Importing data from txt file and updating Table

  • Hi all,

    I'm a relative newbie here.

    We receive a text file every month from our supplier which is to be used to update a table we have in SQL server 7 (1.7 million records).

    The txt file contains only additional records and modifications and is circa 500K records.

    What's the best way to do this??

  • Hi djpeake,

    quote:


    We receive a text file every month from our supplier which is to be used to update a table we have in SQL server 7 (1.7 million records).

    The txt file contains only additional records and modifications and is circa 500K records.

    What's the best way to do this??


    only importing 'new' data?

    What about creating a DTS package?

    You can use the DTS Import/Export wizard and in one of the last steps save it as a package.

    Cheers,

    Frank

    --
    Frank Kalis
    Microsoft SQL Server MVP
    Webmaster: http://www.insidesql.org/blogs
    My blog: http://www.insidesql.org/blogs/frankkalis/[/url]

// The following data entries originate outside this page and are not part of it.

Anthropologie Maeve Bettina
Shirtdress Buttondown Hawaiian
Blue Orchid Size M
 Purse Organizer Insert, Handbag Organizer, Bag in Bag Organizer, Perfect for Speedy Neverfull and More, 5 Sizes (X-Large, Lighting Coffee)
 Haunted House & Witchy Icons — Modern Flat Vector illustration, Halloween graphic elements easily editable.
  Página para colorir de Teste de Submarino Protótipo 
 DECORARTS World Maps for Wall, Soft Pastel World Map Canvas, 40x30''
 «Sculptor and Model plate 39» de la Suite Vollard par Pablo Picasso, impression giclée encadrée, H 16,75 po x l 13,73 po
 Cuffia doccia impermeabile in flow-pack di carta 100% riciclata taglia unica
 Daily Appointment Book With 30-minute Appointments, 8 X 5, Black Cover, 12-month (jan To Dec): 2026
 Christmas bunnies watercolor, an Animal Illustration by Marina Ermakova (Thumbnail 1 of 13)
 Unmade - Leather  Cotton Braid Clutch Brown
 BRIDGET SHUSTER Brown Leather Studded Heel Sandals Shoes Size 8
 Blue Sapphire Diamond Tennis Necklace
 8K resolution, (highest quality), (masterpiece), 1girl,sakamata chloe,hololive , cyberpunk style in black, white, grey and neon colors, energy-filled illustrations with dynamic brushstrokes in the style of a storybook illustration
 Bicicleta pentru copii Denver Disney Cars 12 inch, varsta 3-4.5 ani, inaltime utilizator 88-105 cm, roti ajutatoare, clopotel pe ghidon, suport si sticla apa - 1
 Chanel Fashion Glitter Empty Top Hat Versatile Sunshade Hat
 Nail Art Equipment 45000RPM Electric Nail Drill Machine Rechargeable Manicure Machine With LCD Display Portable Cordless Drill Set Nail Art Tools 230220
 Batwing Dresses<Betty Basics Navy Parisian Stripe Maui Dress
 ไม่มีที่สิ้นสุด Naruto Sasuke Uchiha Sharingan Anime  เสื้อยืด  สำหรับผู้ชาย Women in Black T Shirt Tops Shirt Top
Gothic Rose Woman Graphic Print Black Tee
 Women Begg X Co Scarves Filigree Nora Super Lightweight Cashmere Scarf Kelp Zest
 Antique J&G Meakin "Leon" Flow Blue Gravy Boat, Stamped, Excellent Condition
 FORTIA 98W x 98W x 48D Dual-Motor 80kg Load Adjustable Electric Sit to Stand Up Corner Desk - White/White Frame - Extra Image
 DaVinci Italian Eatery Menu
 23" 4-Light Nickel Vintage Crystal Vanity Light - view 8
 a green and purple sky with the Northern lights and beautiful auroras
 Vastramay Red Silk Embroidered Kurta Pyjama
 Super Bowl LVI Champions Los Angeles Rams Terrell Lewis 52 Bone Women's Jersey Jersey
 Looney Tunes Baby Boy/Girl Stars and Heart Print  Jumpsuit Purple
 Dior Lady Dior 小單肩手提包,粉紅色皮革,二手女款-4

  • One way is to import the file into a temporary table and then process that temporary table to insert or update records in the master table.

    Depending on how complex the data is, you might get away with a simple insert statement:

    insert <master_table>

    select <col1>, <col2>

    from <temporary_table>

    where not exists (select * from <master_table> where <temporary_table>.<Primary_Key> = <master_table>.<primary_key> )

    ie insert a row where it does not exist already.

    Updates would be update row where exists already.

    If there is more processing to do on each row, such as field validation or inserts into other tables then things get a bit more complicated but the approach is still valid.

    There are several ways of controlling this process. One way is using DTS (personally I have never got to grips with it). Another way is using TSQL (CREATE temp table, BULK INSERT update file into temp table, INSERT new rows, UPDATE existing rows, DROP table).

    Either way, you can put it into a job and then schedule it to run as required.

    Jeremy

  • quote:


    only importing 'new' data?

    What about creating a DTS package?

    You can use the DTS Import/Export wizard and in one of the last steps save it as a package.

    Cheers,

    Frank


    i don't know what you mean by 'new' - do you mean new records?? if so DTS is cool for that, however i've tried it using the file i've got and it doesn't seem to work. I get an error saying that a row would cause a duplicate index value.

  • quote:


    i don't know what you mean by 'new' - do you mean new records??


    sorry, must have read additional data.

    quote:


    if so DTS is cool for that, however i've tried it using the file i've got and it doesn't seem to work. I get an error saying that a row would cause a duplicate index value.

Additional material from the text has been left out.